Sama nie wiem co o tym myśleć, ani jakoś nie umiem tego przetrawić. Nawet nie za bardzo mam z kim w otoczeniu porozmawiać o tym, ponieważ nadzwyczajnie w życiu wstyd mi o tym mówić. Czuję się beznadziejnie, z tego względu że nie potrafię zaspokoić swojego męża.
Na tą małą wpadkę zareagowałam bardzo emocjonalnie.

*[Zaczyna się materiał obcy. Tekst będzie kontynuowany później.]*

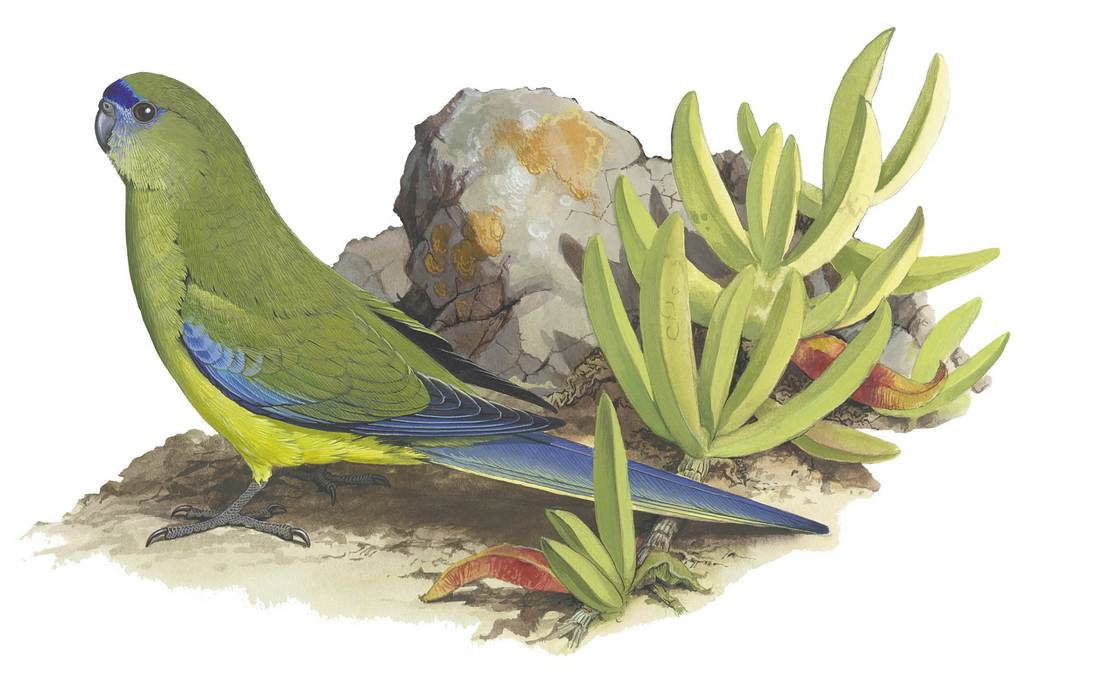 William T. Cooper, Rock Parrot (Neophema petrophila) 1970 (adult male)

Boję się że to wpłynie na nasze życie erotyczne.
Czyli:
1. Z powodu ciąży było mniej seksu, za co byłaś wdzięczna mężowi.
2. Z powodu rzadszego współżycia on się masturbował.

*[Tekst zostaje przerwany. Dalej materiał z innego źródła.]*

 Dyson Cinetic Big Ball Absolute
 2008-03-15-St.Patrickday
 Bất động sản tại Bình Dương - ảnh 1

3. Ciebie zszokował fakt, że rzadsze współżycie nie spłynęło po nim jak po kaczce i zrobiłaś awanturę z powodu masturbacji.
Pozostaje pogratulować egoizmu i życzyć szczęścia w dalszym pożyciu małżeńskim.
Czyli:
1. Z powodu ciąży było mniej seksu, za co byłaś wdzięczna mężowi.

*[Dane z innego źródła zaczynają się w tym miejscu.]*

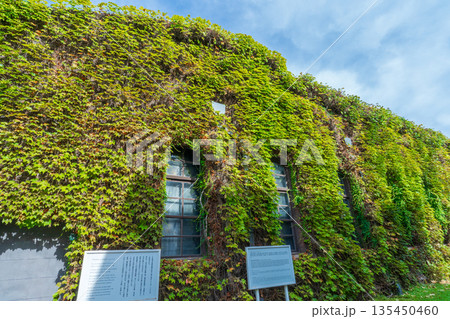 岡山県倉敷市　ツタの絡まる赤レンガ塀　　倉敷アイビースクエア 135450460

2. Z powodu rzadszego współżycia on się masturbował.
3. Ciebie zszokował fakt, że rzadsze współżycie nie spłynęło po nim jak po kaczce i zrobiłaś awanturę z powodu masturbacji.Pozostaje pogratulować egoizmu i życzyć szczęścia w dalszym pożyciu małżeńskim.
Proszę czytać uważnie, napisałam że byłam wdzięczna mężowi ze akceptuje zmiany w naszym pożyciu seksualnym, a nie za to ze mamy mniej zbliżeń.
Ciaza dla mnie to rowniez okres pelen zmian, szczegolnie ze jest to pierwsze moje dziecko. A temat seksu w czasie ciązy to temat rzeka. Jedna kobieta chce go na okrąglo druga troche rzadziej.
Moja emocjonalna reakcja nie oznacza awantury Po prostu zareagowałam z żalem do siebie że zaniedbałam męża.
A to że cała sytuacja mnie zszokowała nie wynika z mojego egoizmu tylko z zaistniałej sytuacji. Poruszaliśmy temat seksu i masturbacji w czasie ciąży wiele razy, dlatego to było dla mnie takie zaskoczenie. Widok jak mój mężczyzna sam się zadowala, bez mojej obecności nie należy do najmilszych.
Czuję się beznadziejnie, z tego względu że nie potrafię zaspokoić swojego męża.
Na tą małą wpadkę zareagowałam bardzo emocjonalnie. Boję się że to wpłynie na nasze życie erotyczne.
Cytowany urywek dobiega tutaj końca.